Tom çok sağlıklı görünmüyor.

Tom ziet er niet zo gezond uit.

O kadar büyük görünmüyor.

Het lijkt niet zo groot.

O gerçekten mümkün görünmüyor.

Dat lijkt me onmogelijk.

Tom umursuyor gibi görünmüyor.

Tom lijkt het niet uit te maken.

Tom özellikle endişeli görünmüyor.

Tom lijkt niet niet echt bezorgd.

O, beni gördüğüne mutlu görünmüyor.

Zij lijkt niet blij om mij te zien.

Tom cevabı biliyor gibi görünmüyor.

Het lijkt erop dat Tom het antwoord niet weet.

Tom Mary'yi tanıyor gibi görünmüyor.

Tom schijnt Maria niet te herkennen.

Tom beni hatırlıyor gibi görünmüyor.

Het blijkt dat Tom me niet herinnert.

Tom bizi duyuyor gibi görünmüyor.

Tom lijkt ons niet te horen.

Tom onu seviyor gibi görünmüyor.

Het lijkt erop dat Tom het niet leuk vindt.

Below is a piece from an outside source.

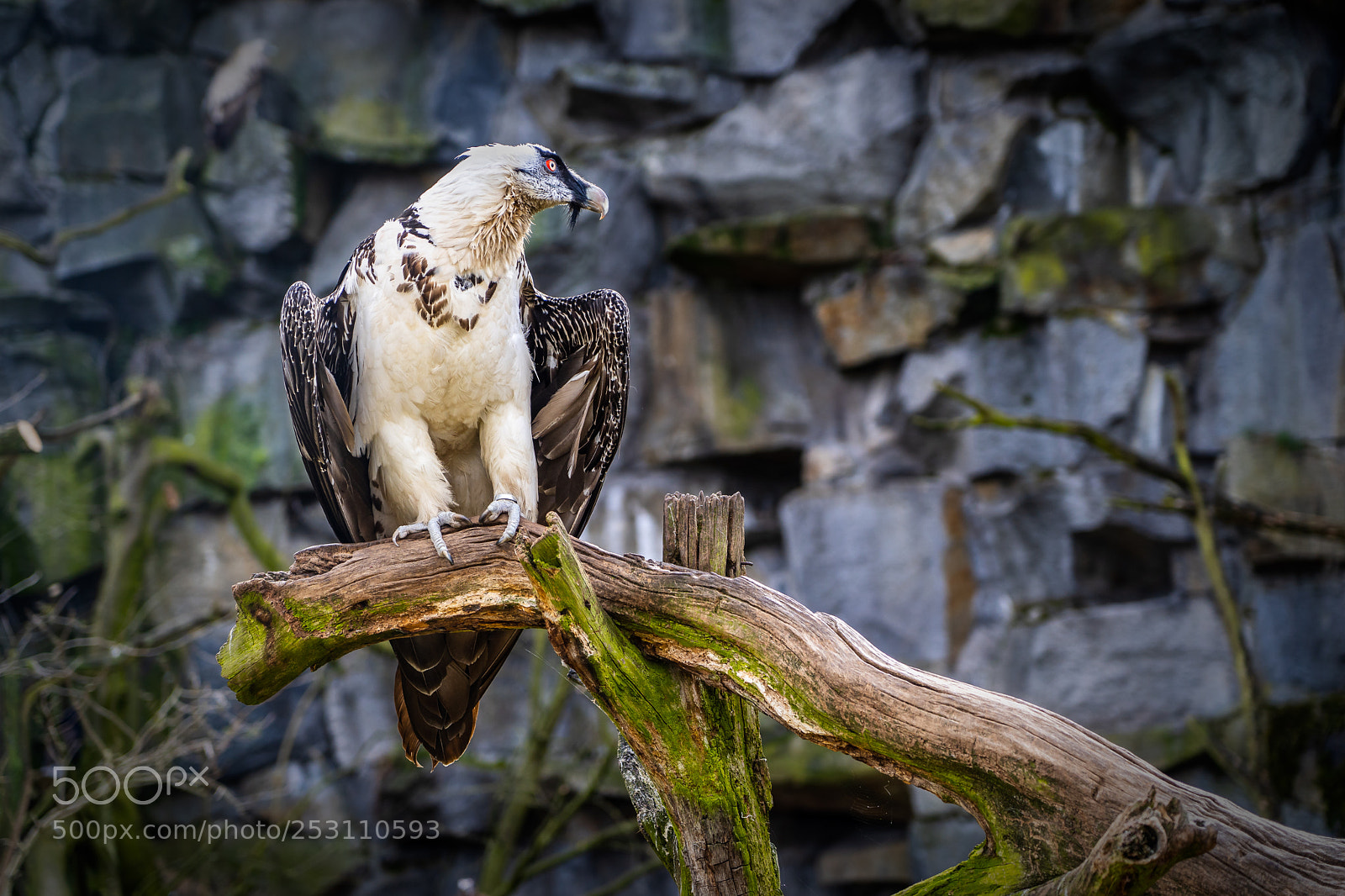 Sony a7 III sample photo. Eagle photography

Bu şeylerin hiçbiri çekici görünmüyor.

Geen van deze dingen zien er aantrekkelijk uit.

Fakat bu ihtimal pek mümkün görünmüyor.

Maar die mogelijkheid lijkt onwaarschijnlijk.

- Çok zor görünmüyor.
- Çok zor durmuyor.

Dat ziet er niet te moeilijk uit.

Hiç kimse onları tanıyor gibi görünmüyor.

Niemand lijkt hen te kennen.

Tom senin düşüncene katılıyor gibi görünmüyor.

Tom lijkt het niet met je eens te zijn.

O, artık mükemmel bir daire gibi görünmüyor.

Het lijkt niet langer een perfecte cirkel.

Tom ne yapması gerektiğini anlıyor gibi görünmüyor.

Het lijkt erop dat Tom niet begrijpt wat hij moet doen.

Tom artık çok yardıma ihtiyacı var gibi görünmüyor.

Het ziet er niet naar uit dat Tom nu veel hulp nodig heeft.

Hiç kimse kimin sorumlu olduğunu biliyor gibi görünmüyor.

- Niemand blijkt te weten wie de baas is.
- Het blijkt dat niemand weet wie de baas is.
- Het lijkt dat niemand weet wie de baas is.
- Niemand lijkt te weten wie de baas is.

O, babam ve benim aramdaki bir anlaşmazlığın farkındaymış gibi görünmüyor.

Hij lijkt zich niet bewust van het conflict tussen mijn vader en mij.

- Kafam bugün iyi çalışmıyor anlaşılan.
- Bugün aklım iyi çalışıyor gibi görünmüyor.

Mijn brein lijkt vandaag niet goed te werken.